Der Kläger hatte jahrelang gewußt, daß der Zusteller G die Zeitungen gar nicht selber austrug, sondern dies seiner Ehefrau überließ, so daß mit diesem ein Scheinarbeitsverhältnis bestand. Der Kläger hat über diese Umstände der Beklagten gegenüber nicht nur geschwiegen, sondern sie auch falsch unterrichtet. Die Beklagte konnte dieses Verhalten als einen so schwerwiegenden Vertrauensverstoß und Verstoß gegen die arbeitsvertraglichen Verpflichtungen ansehen, daß ihr die Fortsetzung des Arbeitsverhältnisses bis zum Ablauf der ordentlichen Kündigungsfrist nicht zugemutet werden könne.
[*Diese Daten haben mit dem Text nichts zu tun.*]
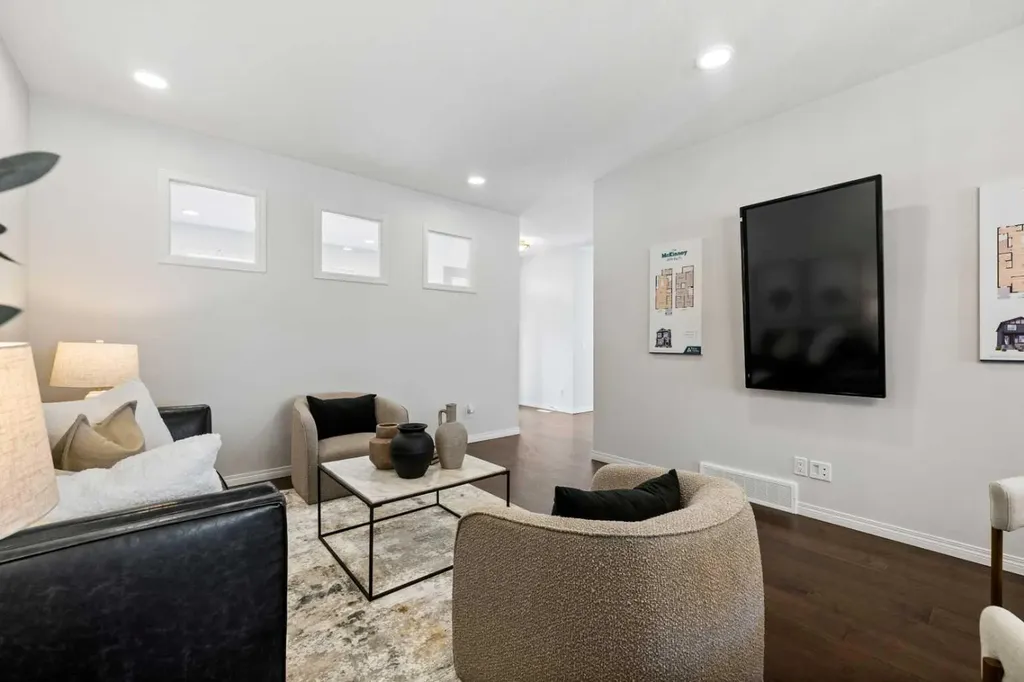 135 Huxland Road NE Calgary AB T2A 5Z9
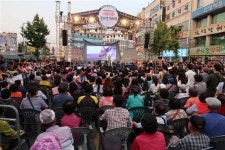 문화를 입고, 큰장을 잇고…서문시장, 활기로 들썩인다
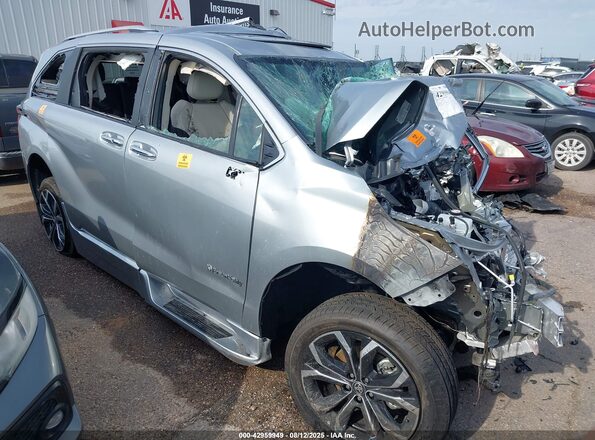 5TDERKEC7SS246229 2025 TOYOTA SIENNA Серебряный Передняя правая четверть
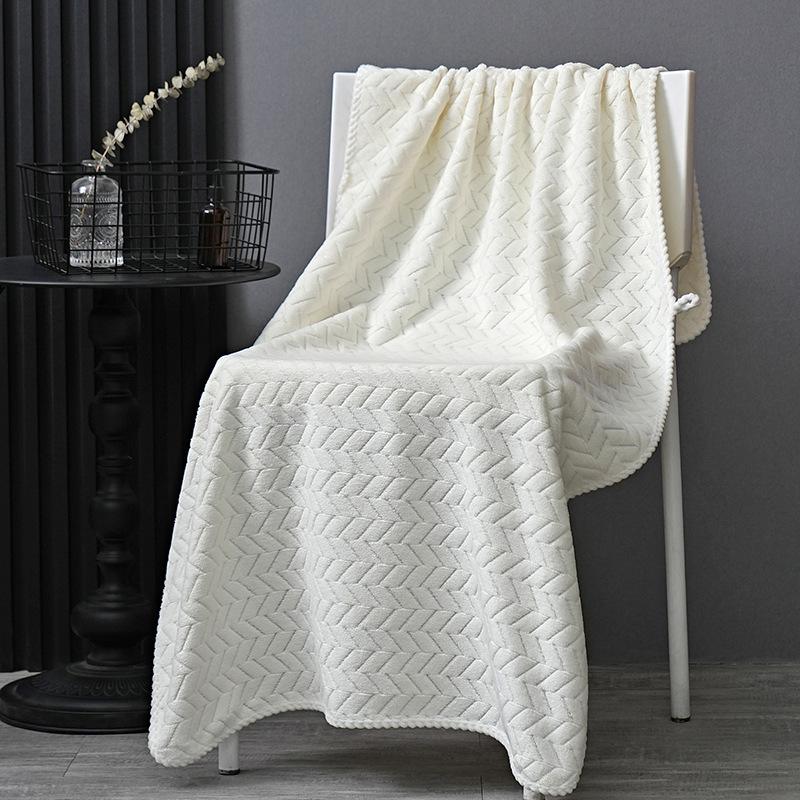 Coral Fleece Bath Towel, Thickened and Enlarged 90 * 170, Covering The Body. Adult Quick Drying and Absorbent Swimming Gift Bath Towel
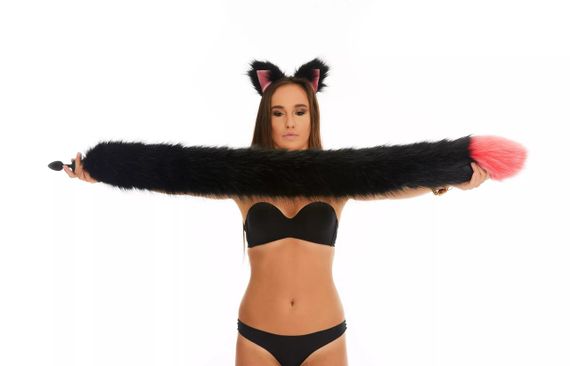 Анальний хутряний хвіст без пробки, Чорний з яскраво-рожевим кінчиком, OKOVA 100 см. sexstyle | Зображення 3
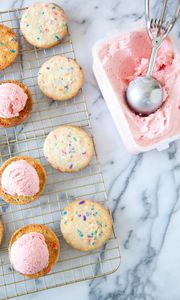 Preview wallpaper muffins, ice cream, dessert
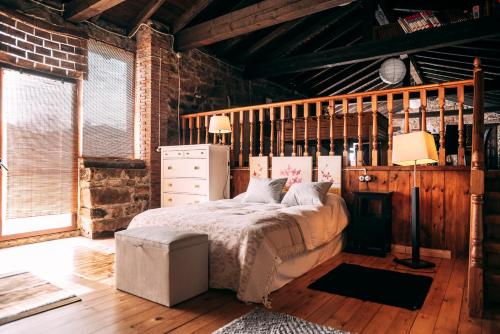 a bedroom with a bed and a brick wall at La Casa de Roma 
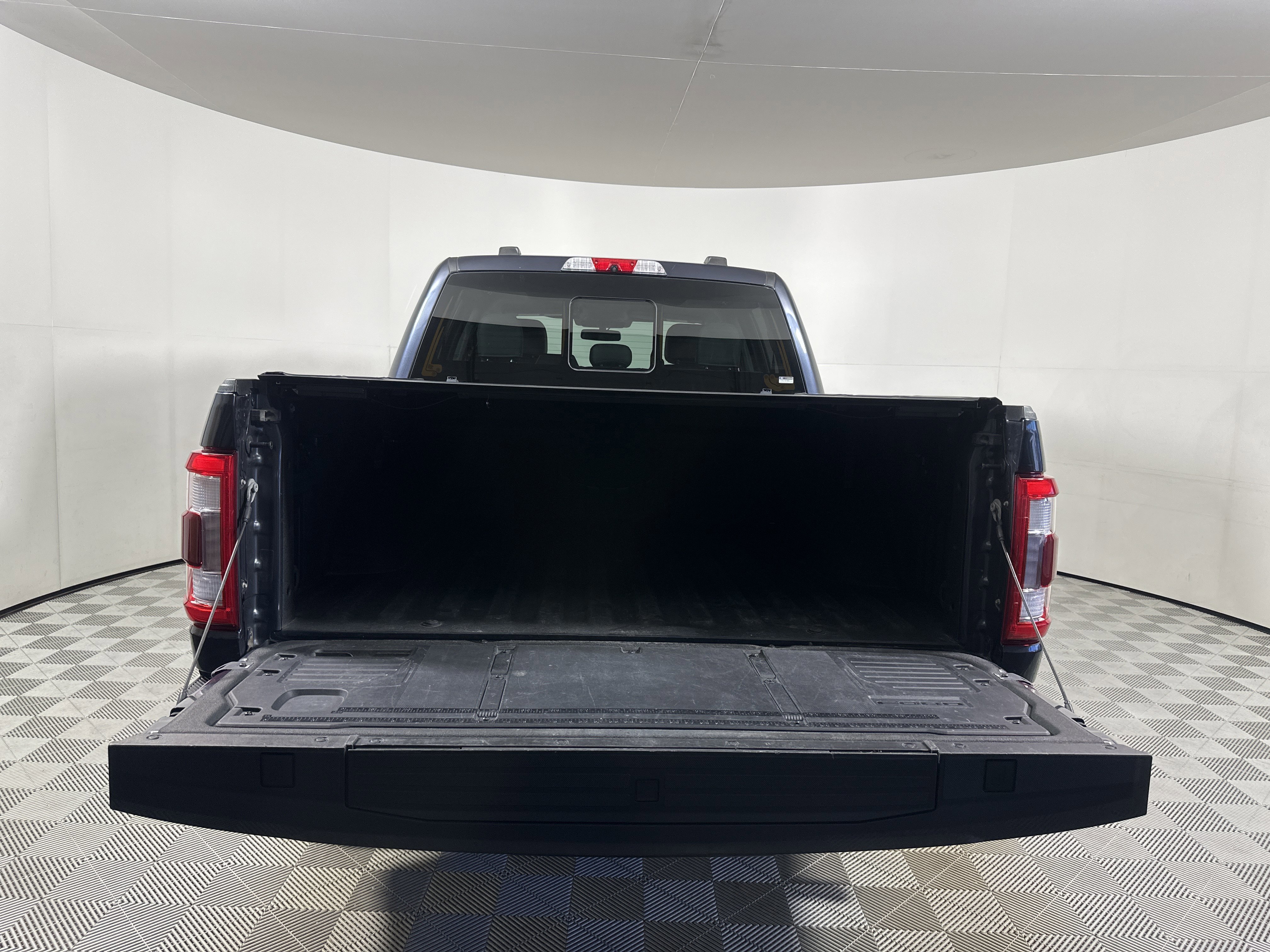 Certified 2021 Ford F150 Lariat w/ Equipment Group 502A High image 26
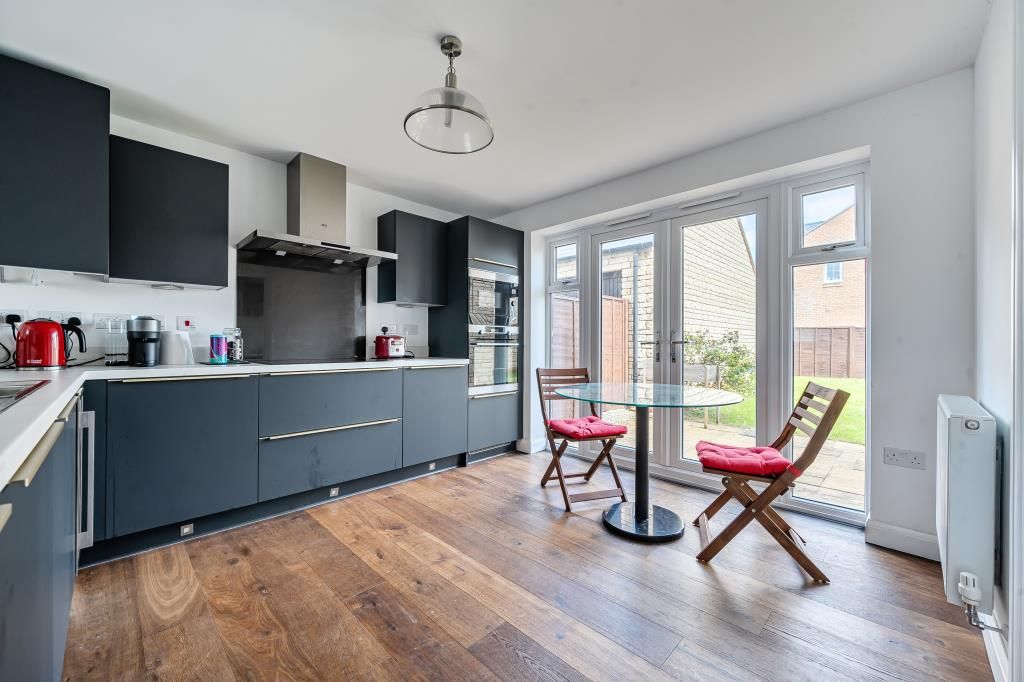 Property photo 3 of 20 Kitchen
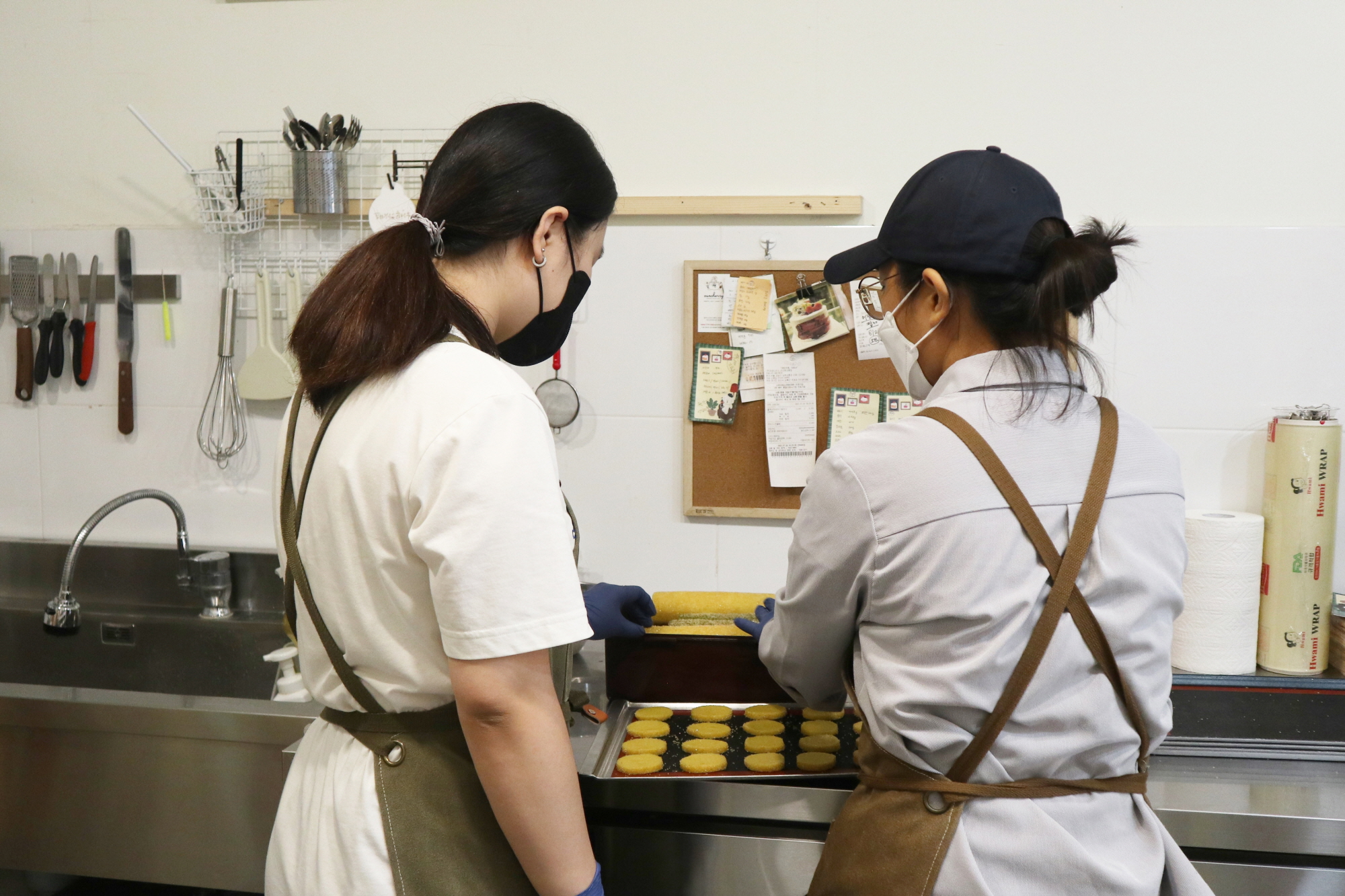 안산시 글로벌청소년센터, 신안코아 청년몰과 이주배경 청소년 진로역량강화 인턴십 프로그램 운영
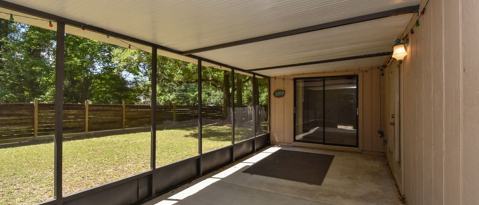 Building Photo - 7415 SW 22nd Pl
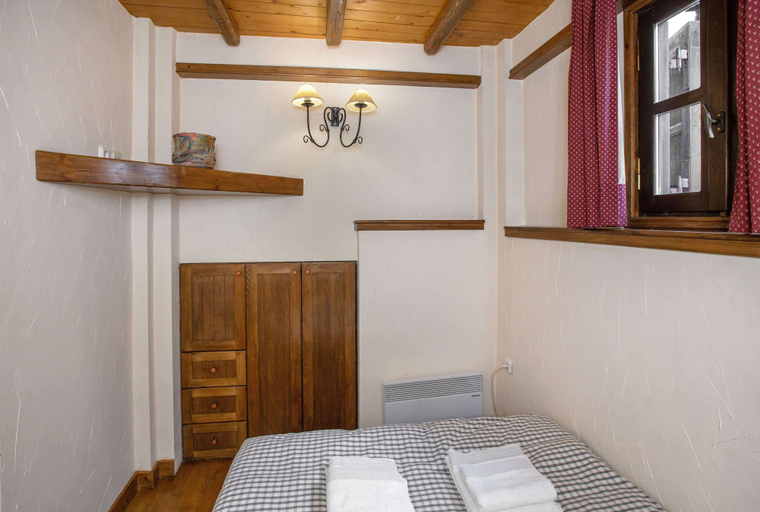 Others 4, Arachova Nest in the Village by GHH, Central Greece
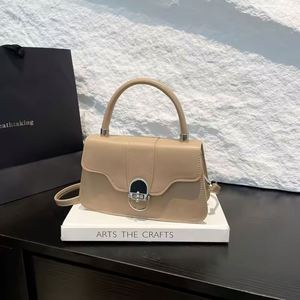 Bolso de Silicona Universal Compatible con Apple, Diseño OEM/ODM, Mini Bolso Bandolera de Moda, Portátil, para Guardar el Teléfono Móvil - Product Image 5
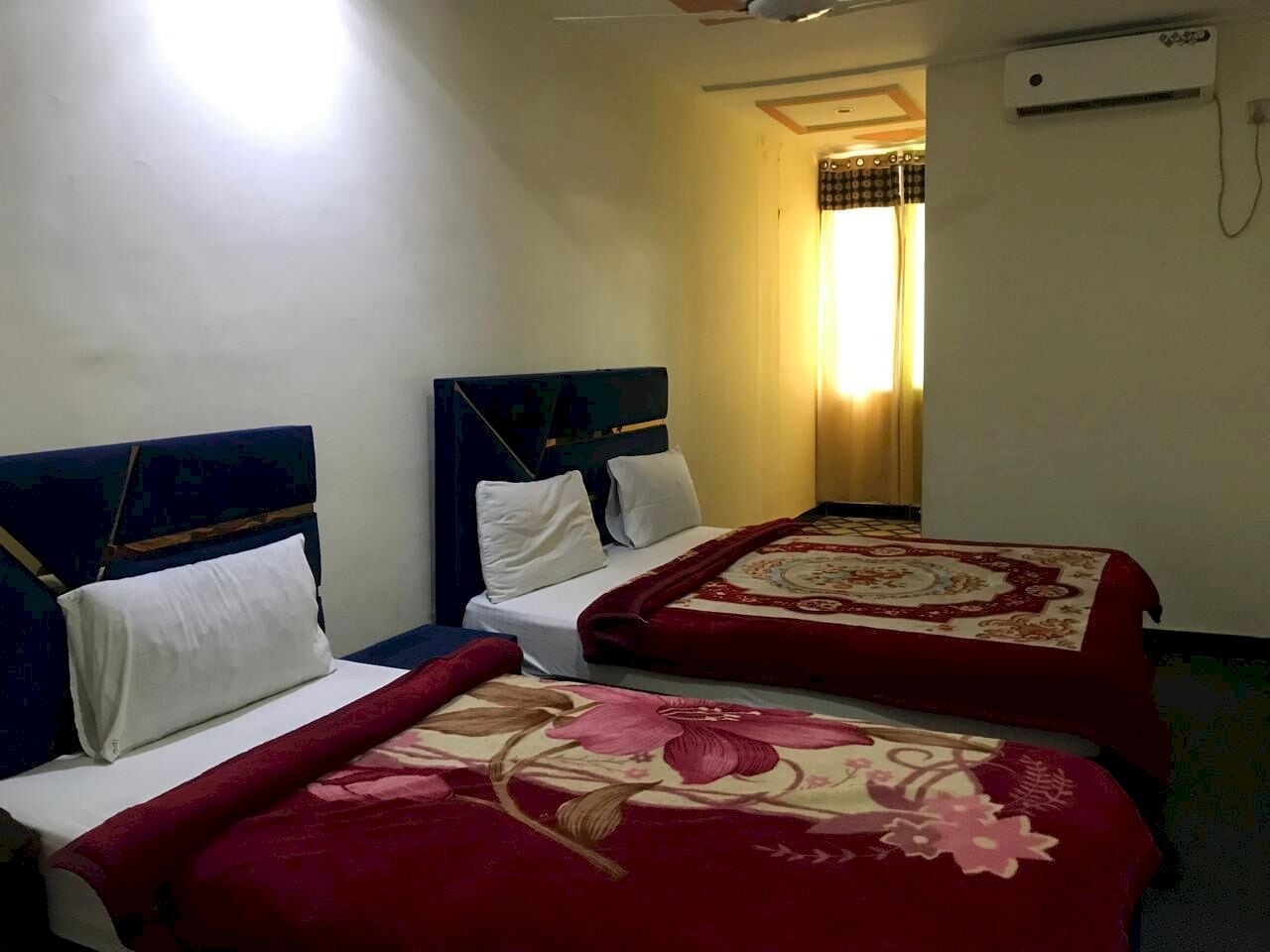 Iron/ironing board, free WiFi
Der Rechtsstandpunkt der Beklagten war im Zeitpunkt der Kündigung auch aus der Sicht eines sorgfältig erwägenden Arbeitgebers vertretbar. Nach dem Ergebnis der erstinstanzlichen Beweisaufnahme im Kündigungsschutzverfahren war keine Entlastung des Klägers erkennbar, so daß auch das Arbeitsgericht einen wichtigen Grund für die fristlose Kündigung des Arbeitsverhältnisses bejahte. Auch das Berufungsgericht ging von schweren und nachhaltigen Pflichtverstößen des Klägers aus und kam nur aufgrund einer Gesamtabwägung unter Berücksichtigung einer jahrelangen vertrauensvollen Arbeit des Klägers zu einem anderen Ergebnis als das Arbeitsgericht. Bei der bei jeder außerordentlichen Kündigung erforderlichen Interessenabwägung gilt, daß der Arbeitgeber nicht schuldhaft handelt, wenn seine Abwägung auf einem vertretbaren Rechtsstandpunkt beruht und er auf die Rechtmäßigkeit seiner Interessenabwägung vertrauen durfte. Dies war im Streitfall bis zur Entscheidung des Landesarbeitsgerichts im Kündigungsschutzprozeß der Fall. Bis dahin konnte die Beklagte im Hinblick auf den schwerwiegenden Vertrauensbruch des Klägers auf die Rechtmäßigkeit ihrer Interessenabwägung vertrauen. Zudem hatte auch das Arbeitsgericht diese Interessenabwägung gebilligt.
II. Der Kläger hat gem. § 97 Abs. 1 ZPO die Kosten seiner erfolglosen Revision zu tragen.